In our case, we had quite a few more to go. Since Thursday afternoon, we’d paddled 40 miles across remote lakes and into a spectacular sunset, then navigated small rapids downstream in the dark; portaged our boats for six miles on rolling roads and through menacing single track trails; huddled around a fire with fellow-racers while one team member at a time ran a solo orienteering course in the dark; biked 30 miles through bumpy snowmobile trails to the Canadian border; trekked 35 miles into Maine, up and down mountains, much of the time off-trail; rode a zip-line across a beautiful canyon, then rappelled down a rock face next to a waterfall... and we still had a day and a half to go.

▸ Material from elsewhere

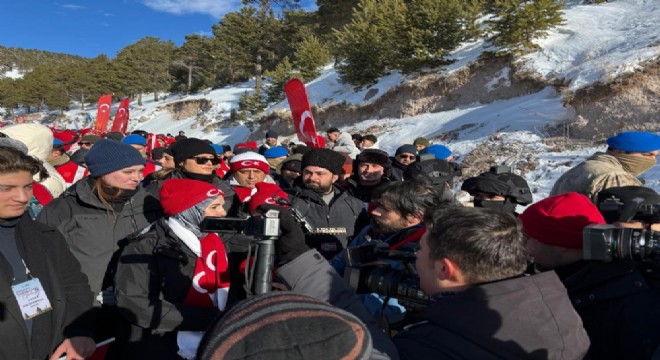 Erzurumlu şehit yakınları ve gaziler Sarıkamış'taydı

On Saturday morning, we slept for 45 minutes before more rounds of running, biking, or rather hauling our bikes through a swamp, and swimming to a series of small islands would lead us to the finish line.
I experienced quite a lot of personal growth during those 72 hours, but perhaps what I value most about this sport of adventure racing is that through it all, from beginning to end, I was never alone. I was always pushing for the good of my team, and my teammates were always beacons of light guiding my way through the darkest hours.
Out of a field of 41 international teams, sponsored, decorated athletes from across the globe, we found ourselves fighting for a top five finish, and capturing it. We slept for less than 45 minutes in the course of four days and more than 200 miles, but we actually raced ourselves across the line. We never gave up. We stayed sharp, we stayed positive—we raced the dream. And when it was all over, we knew there was only one thing left to do: Enjoy that feeling.
In my relatively short adventure racing career, I’ve already experienced the highs and lows, goods and bads of team dynamics. At times, I’ve been the strongest and the weakest link. Finding four competitors with similar abilities is only half the battle. When all four teammates are driven to accomplish the same goal at almost any cost—bruised, battered, blistered and still willing to lend a hand and wear a smile—well, that’s just pure magic. And that is where I see adventure racing transcend “sport.” It’s people helping people to accomplish a common goal, be it something small or something great.
When the race is over, there is always mixed emotion. Relief, for one...each racer happy to finally sit down. A sense of pride for accomplishing a feat many would never dare to start. And finally, a hole. Where once was undeterred focus in moving forward and forging ahead; where once was the black and white world of traveling from point A to point B, now there is a void. Reality begins to set in. The pungent scent of ripened bike jerseys and the sight of your mud-caked gear ropes you back down to Earth.
Fortunately, for the true AR-junkies, there is usually another race on the horizon... another chance to escape into the wilderness and test the limits of our bodies and minds. After all, this is what we live for, whether we want to admit it to ourselves or not.